§ DATA SECTION
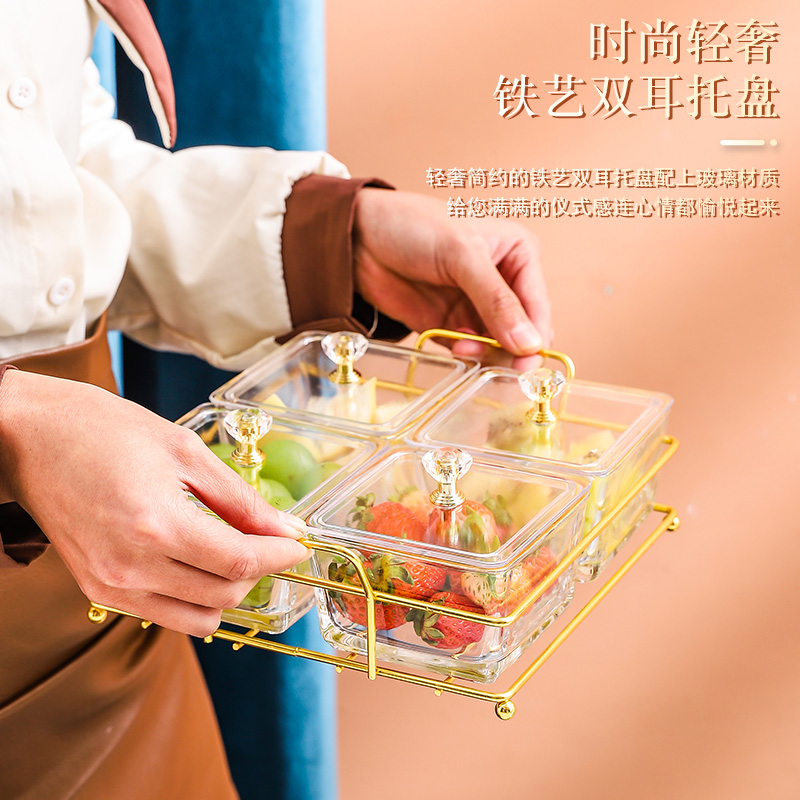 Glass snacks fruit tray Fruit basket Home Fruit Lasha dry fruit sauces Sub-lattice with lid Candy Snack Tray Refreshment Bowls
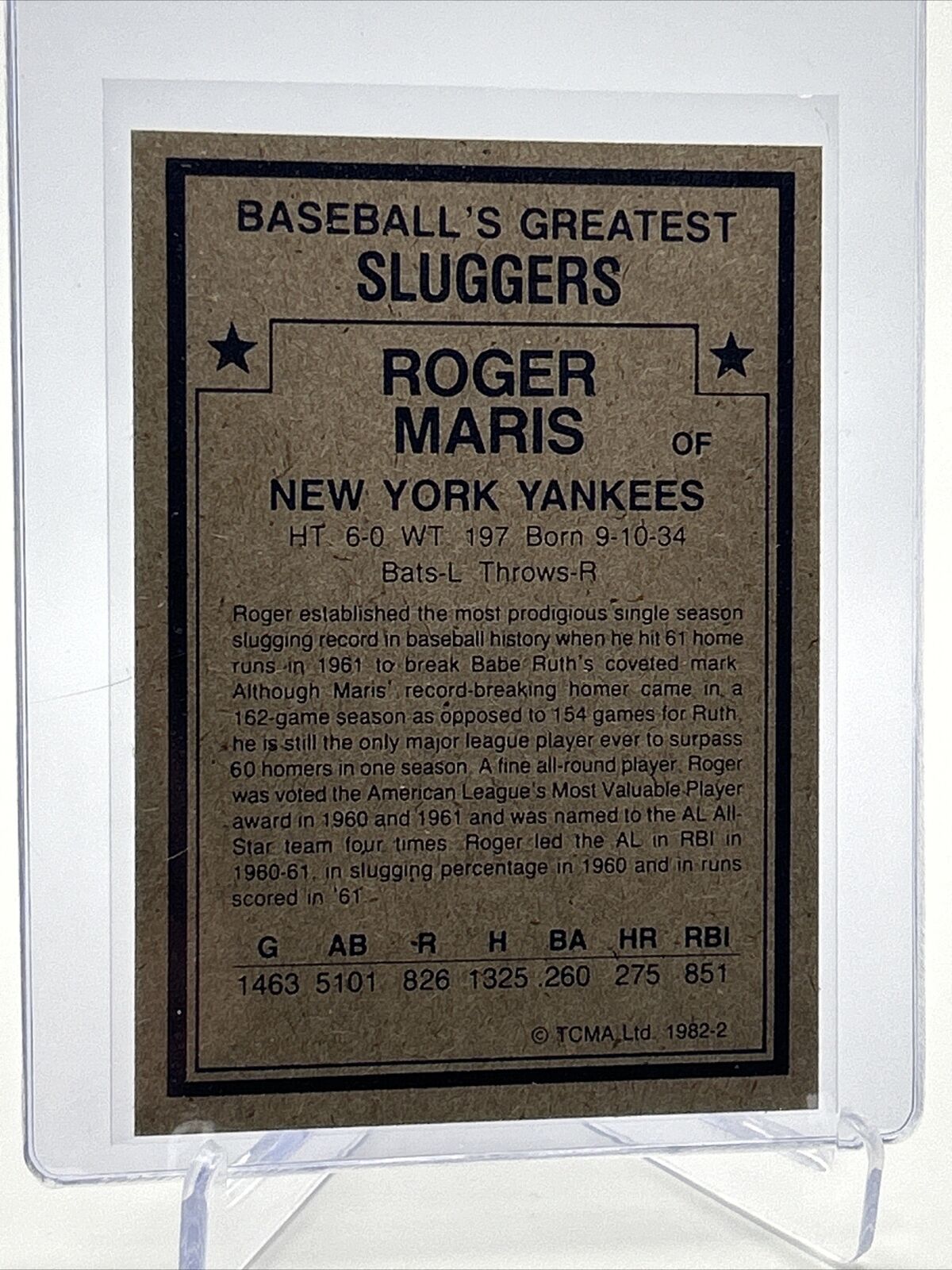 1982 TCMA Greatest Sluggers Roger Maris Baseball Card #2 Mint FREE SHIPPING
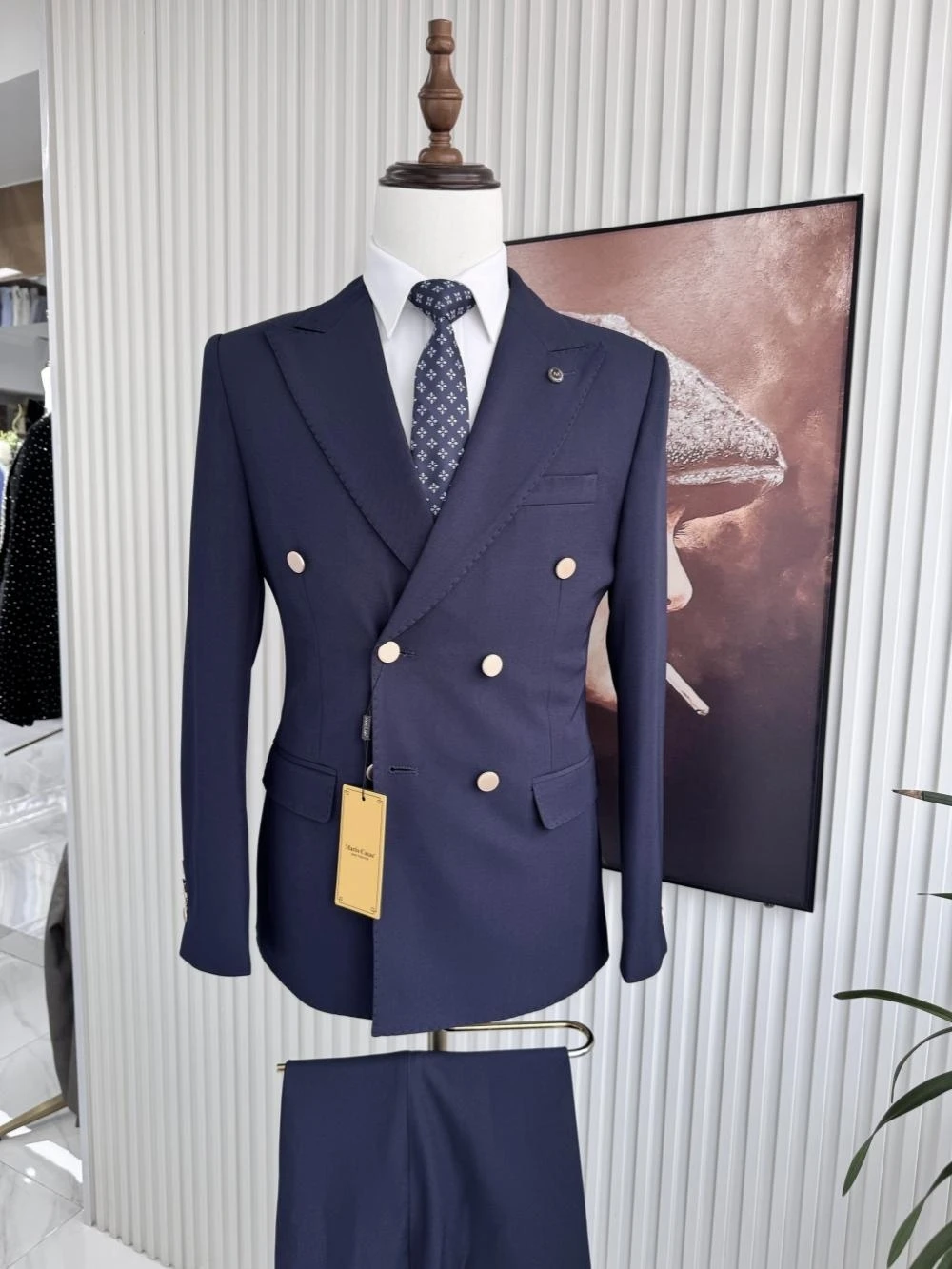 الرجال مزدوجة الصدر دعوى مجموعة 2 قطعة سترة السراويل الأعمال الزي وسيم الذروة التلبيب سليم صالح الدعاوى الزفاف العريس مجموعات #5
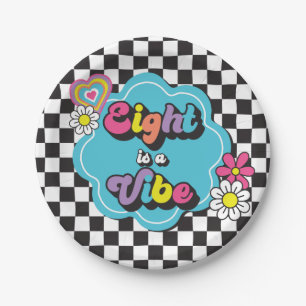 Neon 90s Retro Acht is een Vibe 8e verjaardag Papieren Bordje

§ WHAT IS BEING ASKED
The result should be the full material above, word for word, with its pictures omitted.

§ TASK OUTPUT
 Glass snacks fruit tray Fruit basket Home Fruit Lasha dry fruit sauces Sub-lattice with lid Candy Snack Tray Refreshment Bowls
 1982 TCMA Greatest Sluggers Roger Maris Baseball Card #2 Mint FREE SHIPPING
 الرجال مزدوجة الصدر دعوى مجموعة 2 قطعة سترة السراويل الأعمال الزي وسيم الذروة التلبيب سليم صالح الدعاوى الزفاف العريس مجموعات #5
 Neon 90s Retro Acht is een Vibe 8e verjaardag Papieren Bordje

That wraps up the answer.